Maxine’s bestie, the comic-book loving Clance (Gbemisola Ikumelo), is more than just the goofy sidekick. Clance’s love of superheroes certainly defies expectations, but it’s through Clance that we see the strict feminine ideals women of all races were held to in the 1940s. A newlywed who is doing her best to be the perfect housewife, she panics when she doesn’t think she can deliver the crabs for a crab boil she’s planned. While she does her best to get Maxine to behave like a lady, she’s clearly exasperated by her friend’s behavior.
Clance and Maxine are by far the most interesting part of the series. Ikumelo and Adams have delightful chemistry, and their plotlines don’t feel like retreads of stories that have already been told. Too many stories centered around Black Americans tend to focus on pure misery, so it’s refreshing to see a story focused on Black American joy.
One question that comes up and has yet to be addressed in the series is the idea of passing. It’s clear why Maxine was automatically dismissed, but it’s not clear why Esti, who doesn’t speak a word of English, was let onto the team. The logical guess would be that Esti “passes”: she looks white while Maxine doesn’t. Passing is a part of American history that is still largely unknown (thought it’s portrayed beautifully in the film Passing), and the series is a great place to explore what it means.
The other characters’ stories examine another marginalized group: the LGBTQ community. Two of the leading ladies engage in a relationship, and watching one of them, who is married, hesitate repeatedly is rather heart-wrenching. The way the other women refer to certain girls as “queer” in hushed tones serves as a reminder that being out and proud was not an option 80 years ago, and sadly, in some cases, it still isn’t.

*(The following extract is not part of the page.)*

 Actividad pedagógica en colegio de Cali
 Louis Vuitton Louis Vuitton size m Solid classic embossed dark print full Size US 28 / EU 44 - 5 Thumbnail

Like the original film, A League of Their Own will make you cheer. It embodies the same upbeat spirit while proving that women can dream and do anything a man can do (and in this case, better).
A fun, heartfelt, and inclusive take on America’s favorite pastime, the new A League of Their Own series also offers up history lessons. Consider this one for your next cross-generational watch (16+).
Fans of the original film will appreciate the series’ irrefutable charm, and will want to share it with younger generations. Baseball fans will like all the baseball talk. History buffs — or the history-curious — will be interested in the series’s exploration of life for American women, particularly women of color, during World War II.
All-American Girls Professional Baseball League alum Maybelle Blair served as a consultant on the show, before she came out publicly at age 95 during the Tribeca Film Festival in June.
Also: You might be hard-pressed to actually find the new show on Amazon, as the title pulls up the original — with no sign of the new one. But here’s a direct link to the new series.
And this is actually the second attempt at a TV adaptation of A League of Their Own. The first attempt was a CBS sitcom that included many of the series’ original writers and director. Sadly, only three episodes of the series aired before it was canceled. Thanks to streaming, this one won’t be canceled mid-season.